WordPress passwords, explained and cracked

If you enjoy going to WordCamps as I do, you probably heard this already: "WordPress password hashing is not safe", or in the most technical version: "...because it is md5 based".

True or not, strong password hashing is crucial for a large ecosystem like the WordPress one, which has always been a juicy target for hackers. So, I decided to take a closer look at the hashing system and try to crack WordPress hashes from scratch!

Understanding WordPress password hashes

I started doing some googling and found that most of the information out there is generic and confusing. Lots of references to the PHP libraries used (portable hash from phpass), but nothing concrete.

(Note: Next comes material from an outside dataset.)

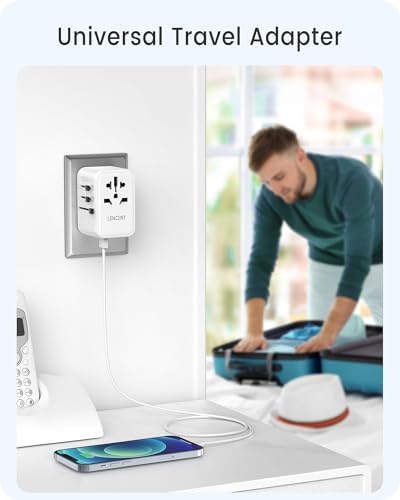 LENCENT 20 W Fast Charging Universal Travel Adapter – Compact International Power Converter with Dual USB and USB Type-C Ports – Ultimate Solution for Worldwide Device Charging in USA, UK, EU, and AUS (Black) – Reliable and Safe Charging for Global Explorers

I decided to take a different approach starting from an assumption:

hashing is a one-way process, but WordPress is somewhat able to authenticate users by matching their password input with the hash stored in the database

From there, I started checking the code and found the first interesting function: wp_check_password($password,$hash) which compares the plain text password with the hash and returns true if they match.

// presume the new style phpass portable hash.
if ( empty( $wp_hasher ) ) {
    require_once ABSPATH . WPINC . '/class-phpass.php';
    // By default, use the portable hash from phpass.
    $wp_hasher = new PasswordHash( 8, true );
}

$check = $wp_hasher->CheckPassword( $password, $hash );

/** This filter is documented in wp-includes/pluggable.php */
return apply_filters( 'check_password', $check, $password, $hash, $user_id );

Going through the code, it quickly brings us to CheckPassword, crypt_private and encode64 which basically is where the magic happens.

Long story short, crypt_private($password, $stored_hash) re-hashes the password before it gets compared to the stored hash. If they match, the password is correct and authentication goes on. This means that we can also use that function to crack the hash.

Hash anatomy

This is a WordPress hash:

$P$BnPVO4gP9JUMSAM1WlLTHPdH6EDj4e1

For simplicity, we will assume the site uses PHP>5 and the newest phpass portable hash, which is the most common setup.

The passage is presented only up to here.